Para quem nunca conviveu com este tipo de ameaça, é difícil compreender o tamanho do pânico que ela traz embutida em si. Mas bastam alguns segundos para entendermos quando confrontamos os horrores que ela provoca. 
Em agosto de 1994, visitei a cidade de Hiroshima, onde foi detonada a "Little Boy", bomba de urânio que explodiu a 600 metros de altura, com potência de 13 mil toneladas de dinamite. No momento da detonação, o artefato liberou 500 milhões de volts de energia, que elevaram a temperatura no epicentro a 1 milhão de graus celsius. Isso fez com que, no solo, o calor chegasse a 10 mil graus celsius, pulverizando imediatamente quem estava no raio de alcance, literalmente apagando da Terra milhares de pessoas.

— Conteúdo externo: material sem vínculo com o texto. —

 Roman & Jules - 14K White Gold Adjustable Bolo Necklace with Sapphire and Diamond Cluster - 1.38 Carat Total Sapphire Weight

O calor cauterizou a pele de quem estava mais distante. Com o corpo em chamas e desesperados, homens, mulheres e crianças buscavam a salvação se jogando nas águas do Ota Gawa (rio Ota) que corta a cidade. Mas, devido ao calor intenso, as águas estavam ferventes e aqueles que tentavam se livrar do fogo morriam quase imediatamente ao mergulhar no líquido escaldante.

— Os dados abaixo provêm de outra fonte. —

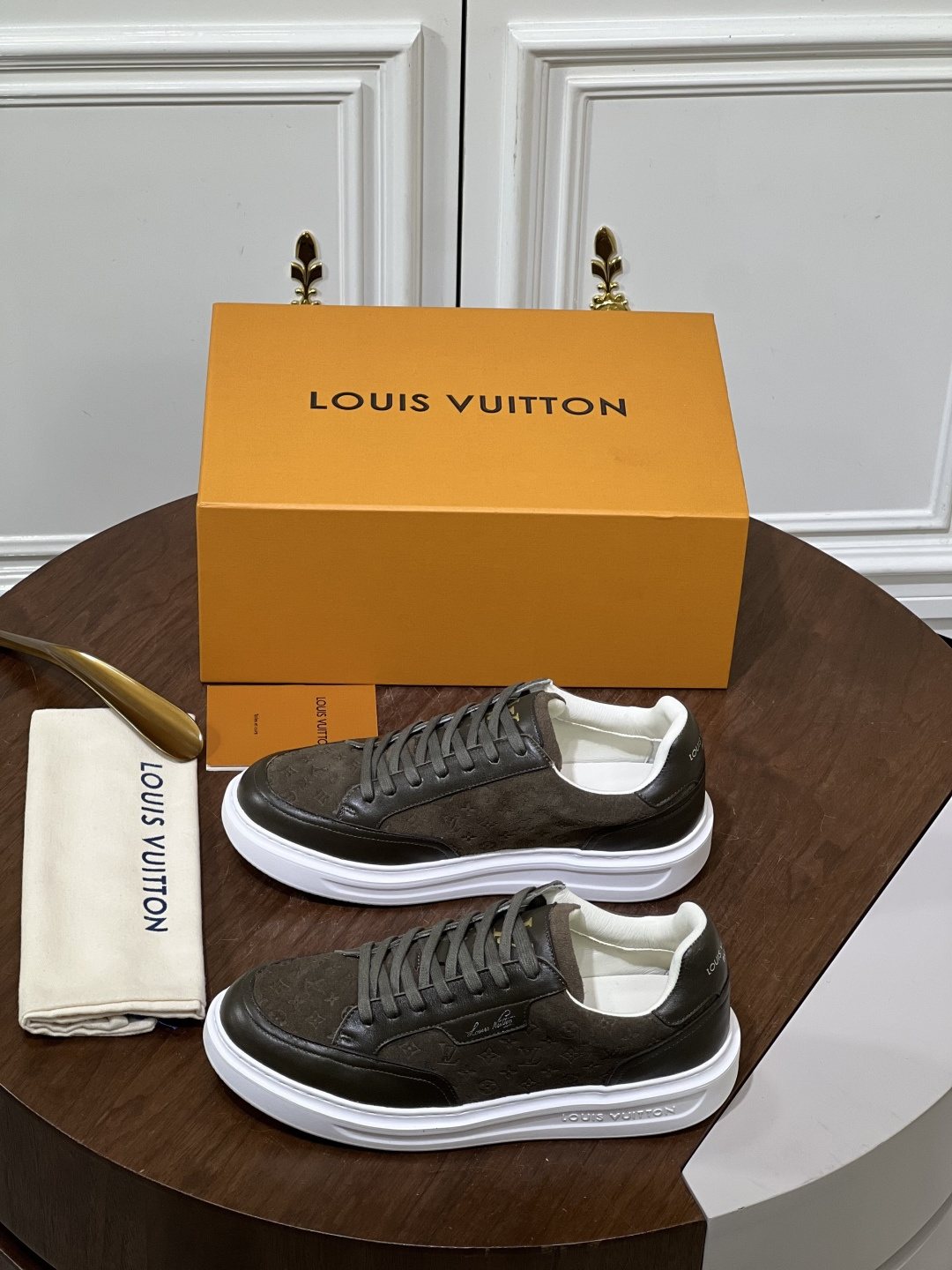 Louis Vuitton Olive Brown Patterned Low-Top Sneakers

Segundo os registros históricos, cerca de 70 mil pessoas foram mortas naquele 6 de agosto de 1945. Outras 80 mil perderam a vida no ano seguinte, vítimas da radiação que as atingiu. Boa parte dessas almas, seus lamentos e seus gritos de agonia ainda pode ser sentida com uma simples visita à cidade. No local mais próximo à explosão, hoje existe um memorial para a paz. Um local de contemplação e reflexão, onde as ruínas são a atração principal, ilustrando, de maneira triste, o horror e o sofrimento.
Takashi Morita, o corajoso japonês de 1,60 metro, estava na cidade na hora da detonação. Ao longe, ele viu o céu se iluminar. Era como se mil sóis nascessem ao mesmo tempo, segundo relatou. Militar na época, seguiu o instinto e correu para próximo do ponto zero, tentando prestar socorro às vítimas. Horrorizado, ele viu as ruas forradas de cadáveres. Viu toda uma geração ser aniquilada em segundos.
Desde então, ele fez da cruzada antiarmamentista sua vida. Com sua estrutura franzina e seu jeito simples, levou uma mensagem poderosa Brasil afora. Em Tupã, deixou impressionadas e emocionadas as pessoas que acompanharam a palestra que ministrou junto com outros dois sobreviventes, Kunihiko Bonkohara e Junko Watanabe, nas Faculdades Faccat.
De certa forma, o Prêmio Nobel também é dele. E de muitos outros. O Prêmio Nobel é de um país inteiro, que tinha todos os motivos do mundo para se rebelar contra o resto da humanidade e investir em ressentimento, violência e morte. Mas, ao contrário, preferiu se reerguer e se reconstruir na paz. Sem ódio. Sem rancor.
O Prêmio Nobel é daqueles que entendem que é com amor que se constrói as coisas duradouras e que o perdão nos torna mais leves e dá sentido à nossa vida. Com o coração cheio destes sentimentos, vivemos mais leves, nos tornamos plen amente realizados. 
Como fez Takashi Morita em centenária jornada neste planetinha que, por sermos estúpidos, tentamos destruir.